Dans son nouveau rapport « Avantages », dit Carlos Slim reste la personne la plus riche du Mexique et de l'Amérique latine, suivie de Germán Larrea et d'Alejandro Baillères.

Oxfam Mexico a déclaré qu'au cours de la période qui comprenait la période de six ans de López Obrador, la fortune conjointe des milliardaires mexicains est restée relativement constante en termes réels, car seulement 153 000 millions de dollars sont passés à 154 000 millions de dollars entre 2018 et 2025.

Il souligne que Carlos Slim reste non seulement en tant que personne la plus riche du Mexique, mais aussi en Amérique latine et dans les Caraïbes, avec une fortune équivalente à 76,6 milliards de dollars à la fin de 2024.

Ils sont suivis par Germán Larrea avec 27,1 milliards de dollars et Alejandro Baillères avec 7,9 milliards de dollars.

Cependant, le nombre de millonariens mexicains est passé de 10 à 22 au cours de la même période, dont 14 n'étaient pas dans la liste originale de 2018.

En effet, huit des 14 nouveaux Millmillonariens depuis 2018 au Mexique sont des héritiers ou des successeurs dans la vie de Milmilonarios.

Les cas d'Alejandro Baillères, qui ont hérité de la fortune de son père Alberto à sa mort, la succession dans la vie de Juan Francisco Beckmann à ses enfants Juan Domingo et Karen et l'entrée dans la liste 2025 de cinq des frères Coppel Luken.

L'absence de taxes sur l'héritage favorise les dynasties milliardaires

Oxfam a souligné que l'absence de taxe sur les grands héritages au Mexique permet le développement de dynasties familiales, où les noms de famille qui mènent la liste des millillonariens restent intacts et ne changent que les prénoms.

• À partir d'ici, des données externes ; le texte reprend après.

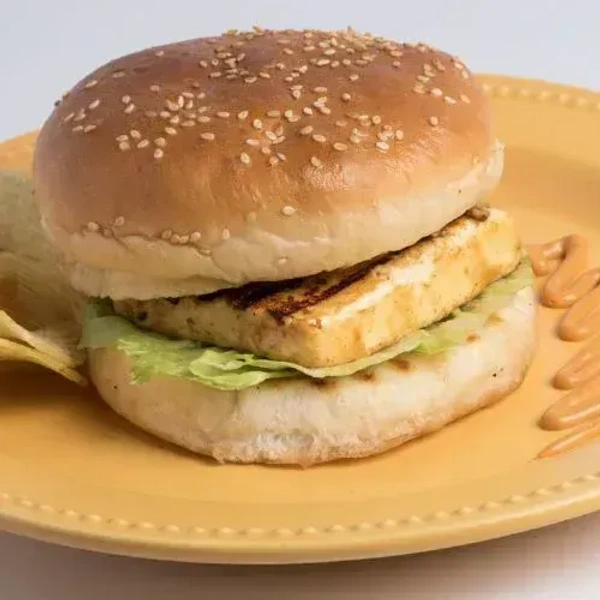 Cheese Paneer Burger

En outre, il n'y a pas de taxe sur de grandes fortunes qui arrêtent ou retardent le processus d'accumulation de richesses extrêmes entre quelques mains, principalement le résultat de la relation de commodité soutenue entre le pouvoir public et privé, a-t-il noté.

D'un autre côté, le rapport d'Oxfam Mexico souligne que, historiquement, le modèle économique du pays a facilité le pillage des ressources par des ultra-ups.

Il affirme que le modèle économique profite à quelques élites économiques et politiques au détriment de la majorité de la population, car les élites économiques « prennent, transanes et anticipent » et déguisent leurs actions comme « mérite ».

«Si les avantages n'atteignent pas la majorité, c'est l'extraction. La politique économique a permis aux bénéfices d'être privatisés et socialisés: c'est l'institutionnalisation du pillage. Nous avons besoin d'un état fort et capable de combattre cette dynamique perverse.  » Alexandra Haas, directrice exécutive d'Oxfam Mexico.

Le rapport indique que l'État n'a pas réussi à réguler l'extrême concentration de richesse et met en tant que secteurs de bouton d'échantillonnage tels que la banque, les concessions en eau et le tourisme, facilitant les pratiques qui perpétuent l'inégalité.